Inherently Russian Behaviors Posted by Jenya on Feb 17, 2015 in Culture, Russian life, Traditions, when in Russia
If there are Russian people among your friends or family, some of the things they do may seem puzzling to you. Chances are they are thinking the same thing about you. You see, a lot of things we do on a day-to-day basis are inherently cultural. We, Russians, are certainly no exception. With that said, I hope this post sheds some light on the “mysterious Russian soul” you are dealing with.
- Russians drink a lot of tea (русские пьют много чая) Most Russians have tea (sometimes coffee) for breakfast. As the day goes by, they will have more tea after lunch, dinner, and in between meals. In other words, Russian people like their tea. If you are witnessing Russian people drinking 4 to 5 cups of hot tea on a very hot summer day, do not be surprised either. Actually, drinking hot tea on a very hot day helps to deal with the heat and thirst. Russians borrowed this tradition from the Far East.
- Russians eat sandwiches for breakfast (русские едят бутерброды на завтрак) In Russia, any good cup of tea or coffee for breakfast is usually accompanied with sandwiches. We typically use white bread, butter and any of the following: cheese, salami, bologna, honey, or jam. The sandwiches are always open faced, i.e. no bread on top. While there are other Russian breakfast options, sandwiches might just be the most popular.
- Russians swaddle newborn babies really tight (русские пеленают новорожденных) I am not really sure why Russians still swaddle their newborns. I do know that it is becoming less and less popular (thankfully!). The common explanation is that swaddling helps the baby cope with the stress of being in the new world, it helps the baby sleep better at night because it prevents excessive movement of the arms and legs. The newer research suggests that tight swaddling constricts blood flow, slows down motor development, and can potentially harm internal organs.
- Russians litter in public (русские мусорят в публичных местах) One of the things I noticed after I first came to America is overall cleanliness of the surroundings: clean sidewalks, clean lawns, etc. I certainly do understand that there are exceptions to this rule – larger cities and distressed neighborhoods tend to have their share of litter on the ground. In Russia, however, it seems like the litter never stops, it is everywhere and a lot of people are not shy about throwing junk right where they walk. I do not even dare to go into why that is: that would be a whole topic in itself. I simply hope that one day Russian people will conquer this disgusting habit.
- Russians hang rugs on walls (русские вешают ковры на стены) This one is hard to miss. If you have visited a typical Russian home, a giant “Persian” rug on the wall was probably the first thing you noticed upon entering the living room. Although it is worth mentioning that younger generations are getting away from this tradition and opting for a cleaner look.

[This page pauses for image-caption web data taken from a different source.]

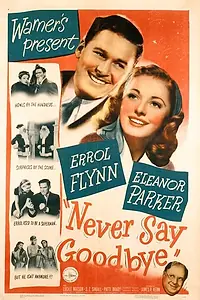 Главный постер фильма «Никогда не говори прощай (1946)»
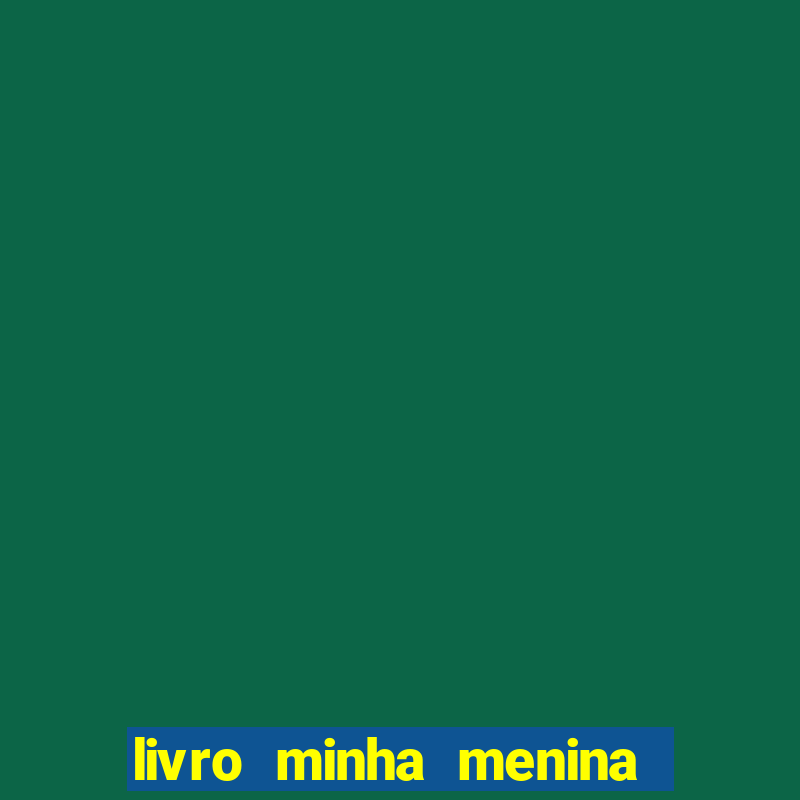 livro minha menina isabella castrioti pdf grátis download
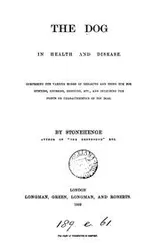 Cover of The dog, in health and disease, by Stonehenge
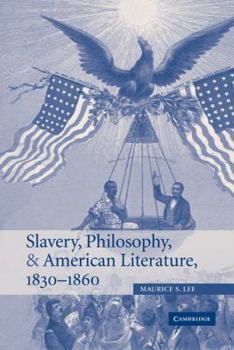 Slavery, Philosophy, And American Literature, 1830 1860 - Book  of the Cambridge Studies in American Literature and Culture
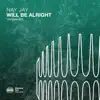 Stream & download Will Be Alright - Single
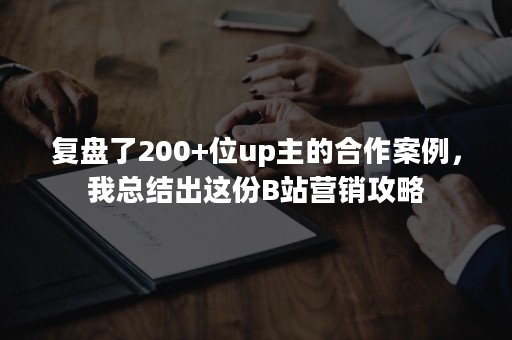 复盘了200+位up主的合作案例，我总结出这份B站营销攻略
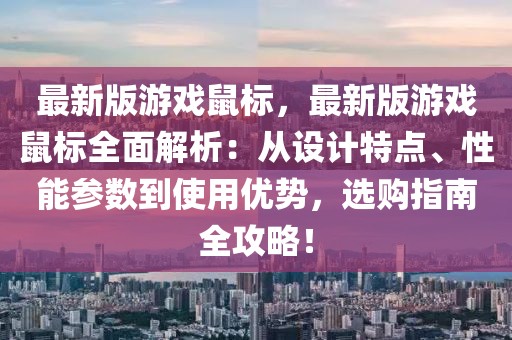 最新版游戲鼠標(biāo)，最新版游戲鼠標(biāo)全面解析：從設(shè)計(jì)特點(diǎn)、性能參數(shù)到使用優(yōu)勢，選購指南全攻略！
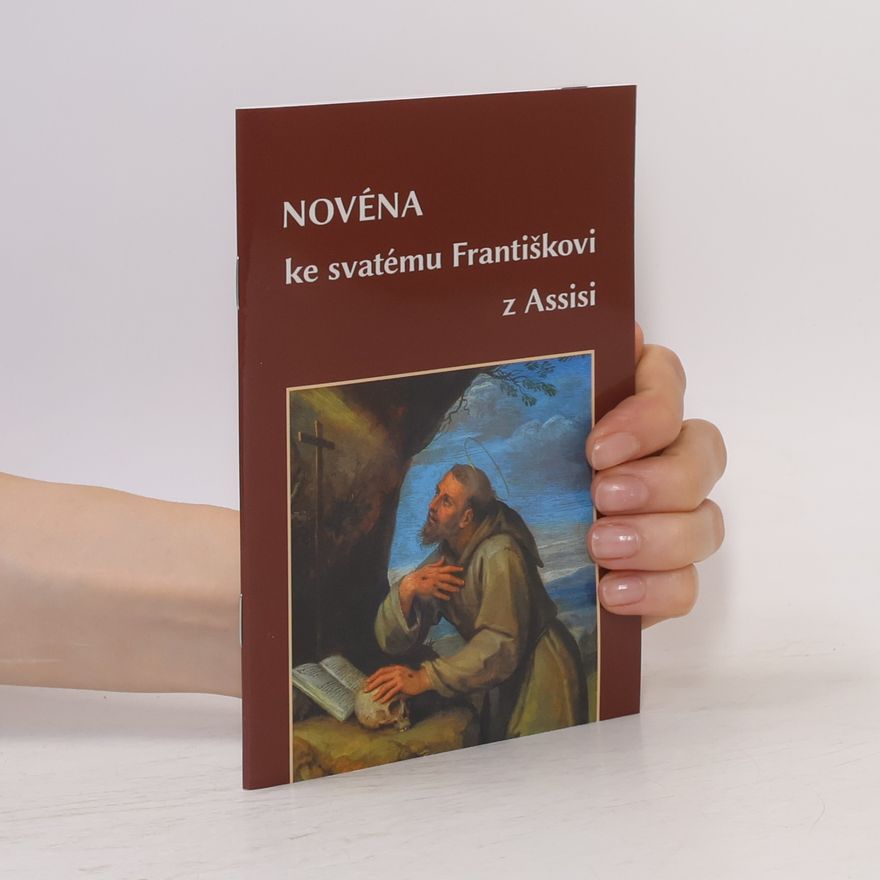 Kolektiv autorů Novéna ke svatému Františkovi z Assisi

- Russians look stern and unfriendly (русские выглядят сердитыми и недружелюбными) It’s not that Russians are unfriendly by nature. A lot of Russians simply look that way in public. Why? I am truly not sure… Hard life? Cold weather? Or perhaps, we are dealing with rudiments of Communism.
- Russians collect used plastic bags (русские собирают использованные пластиковые пакеты) A lot of Russian homes have a bag with bags in it. It does actually help reduce the amount of plastic pollution. However, this is not the main reason why Russian people collect used plastic bags. In Russia, you have to pay for your plastic bags at the grocery store, therefore people think twice before disposing of their used plastic bags. If you paid for it, you may as well use it to its full potential. It is worth mentioning that the bags are typically more heavy duty. As far as I know, paying for plastic bags is also quite common in other European countries, such as Germany and Sweden.
Some time ago I did a post about odd Russian behaviors. This article tries to expand on this topic and give you some information on what to expect when interacting with Russian people :-).